Both Corri and Tory are Mississippi Delta natives, hailing from Moorhead and Holly Ridge, respectively. He farms, and she and her sister, Leah MacNealy, own the popular downtown boutique Lavender Lane, which they opened two and a half years ago.
The Zepponi’s 1975 house on Morningside Drive, theirs for nearly a decade, wasn’t even on the couple’s radar at first. They were checking out a house nearby when the realtor urged them to give this one a look. Vacant for a year, the six-bedroom, five-and-a-half-bath house had likely intimidated many others on the front end. But, there was an extra draw for the Zepponis to look at this particular property. The classic ‘70s home was built by the late Dr. Guy and Juliette “Sis” Robinson, and once the beloved and busy home to their five children—three daughters and two sons. Serendipitously, their daughter, Katherine, is married to Tory’s uncle, Courtney Phillips.

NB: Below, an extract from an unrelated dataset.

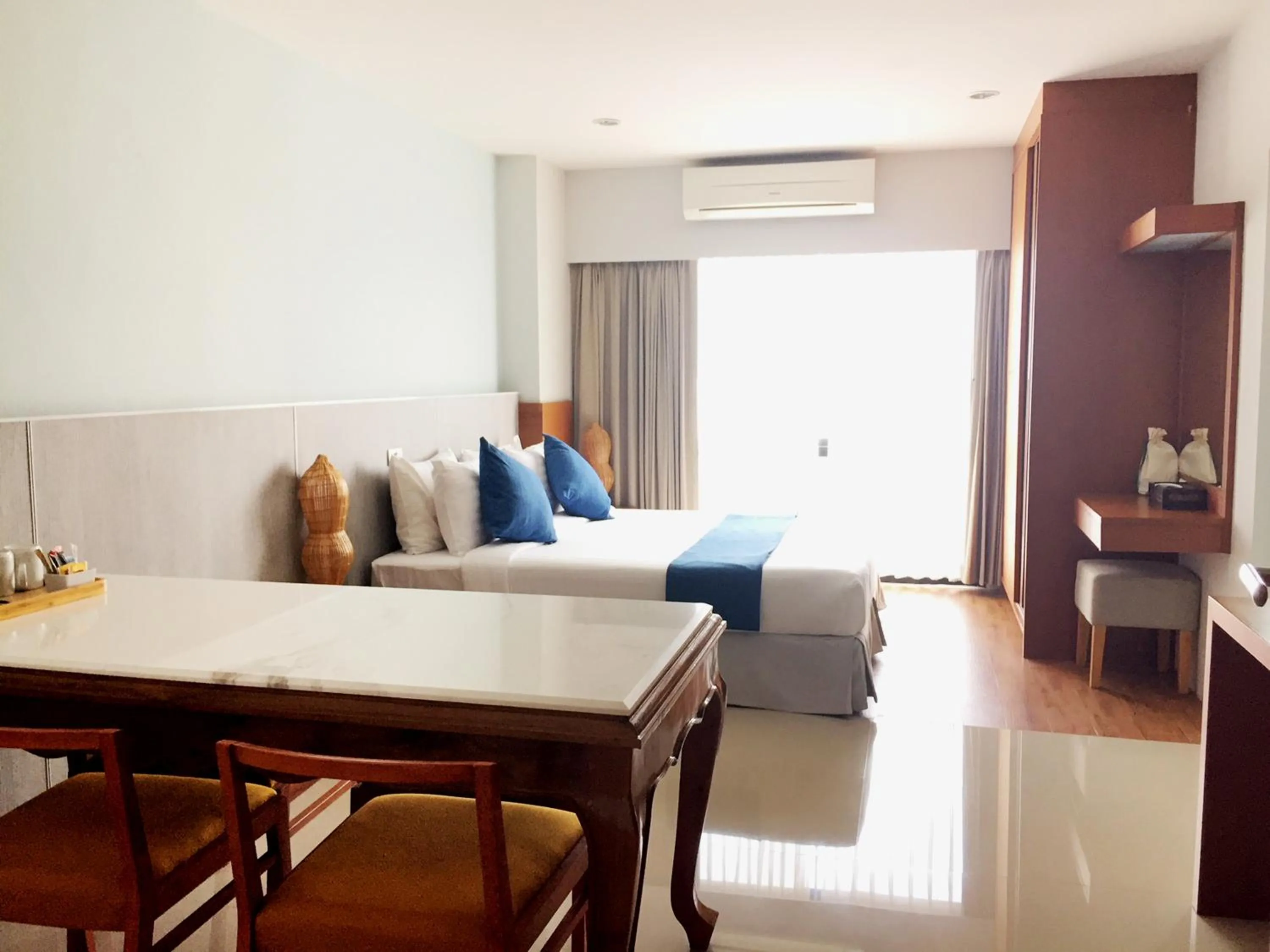 Bed in Crystal Jade Hotel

But even with the family connection, it seemed overwhelming at first. “No, it’s just too big, too much,” Corri said at the start. “Then, we came in, and I loved it.”
The details and layout are what won her over. “Everything was built so well, construction-wise.” Details-wise, the original hand-painted wallpaper in the dining room—an elegant Asian-inspired trail of birds, blossoms, and branches by Duncan Baird—was a true winner. Cool touches battling for a close second included the room’s ceiling medallion, decorative corners, and chandelier, the breakfast area’s bamboo crown molding, and the Chippendale railing to upstairs. Practical touches, such as the laundry room and wet bar, were welcome sights, too.

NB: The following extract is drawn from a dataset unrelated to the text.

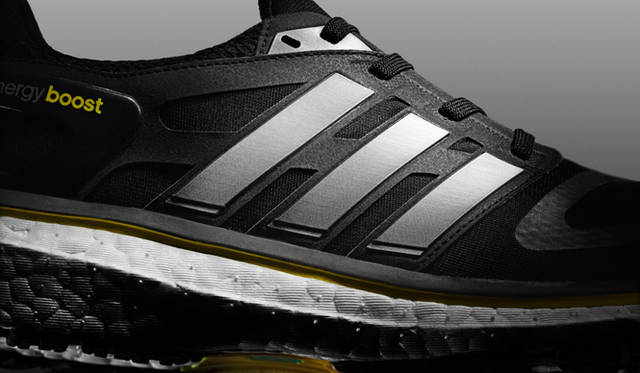 ランニングシューズ「energy boost（エナジー ブースト）」　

The Zepponis updated the kitchen (“very orange and yellow, and it threw me a little bit,” Corri recalls) but kept the home’s basic layout intact. Other updates included enlarging a few entryways, revamping wood floors, paint finishes, and—except for the dining room—wall coverings. In all, it took nine months to complete the process before they moved in from across town.
“I loved the character of the house. I didn’t want to just completely change everything,” Corri says. “So, we just went with it.” And took inspiration from it. She likes the way the original dining room chandelier pops in that space, as a traditional focal point but not one stuck in time. That quality guided other choices.

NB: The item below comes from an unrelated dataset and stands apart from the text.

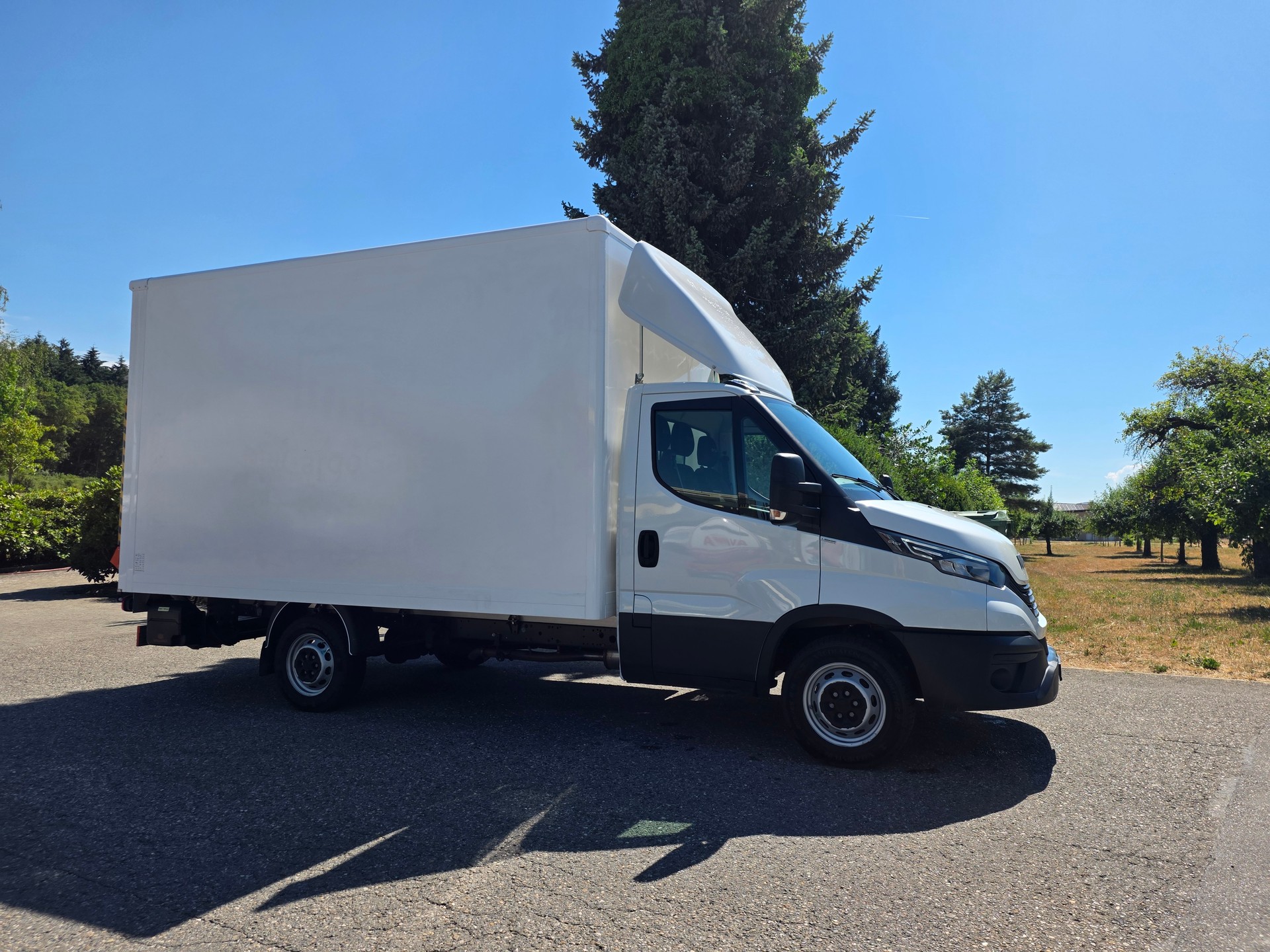 IVECO 35 S 18H A8-image-1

“It was a beautiful home but very dated,” recalls Joy Fratesi of White Leopard Interior Design in Greenville, who helped at the outset. “She wanted to marry the old with the new more contemporary style, and that’s what we tried to accomplish.”
Pervasive yellow hues gave way to more muted bluish-gray and neutral tones and fabrics. Corri took her cue from the hand-painted wallpaper with its subtle, slate-gray shimmer and occasional pops of coral blossoms. “I loved it, and I knew I didn’t want to change it, so we kind of went from there.”
The dining room weds the welcome of a French country feel with the artful elegance of the stunning wallpaper and an Oriental rug underfoot. The dining room table, painted in a powdery gray, allows place settings—Lenox Eternal china, Joan of Arc silverware, gold leaf-edged agate and acrylic napkin rings from locally owned Love Blue Designs, to shine. Coral silk drapes frame the front picture window.
The breakfast area embraces its everyday, catch-all function with a fresh, fun feel via the beaded wagon wheel chandelier, a pair of customized abstract paintings, and a rug of muted grays with a bloom of peach— “a kind of modern twist on a traditional Oushak rug” that Corri just loved, says designer Mary Clair Cumbaa, who had a role in more recent updates.
In the family room, a large, a natural linen sectional invites hangout comfort for family and friends. The addition of a built-in entertainment center and French doors to the screened-in porch are functional updates, and the palette of dove grays and neutrals is anything but dull. The window treatments’ geometric design echoes in the ottoman’s octagonal, aged brass base, and a bit of metallic in the abstract rug catches the barest glint of light. Texture shines softly, too, in the ottoman’s shagreen finish and the chairs’ smoky gray velvet. “Very nice and subtle, not over the top,” Cumbaa says.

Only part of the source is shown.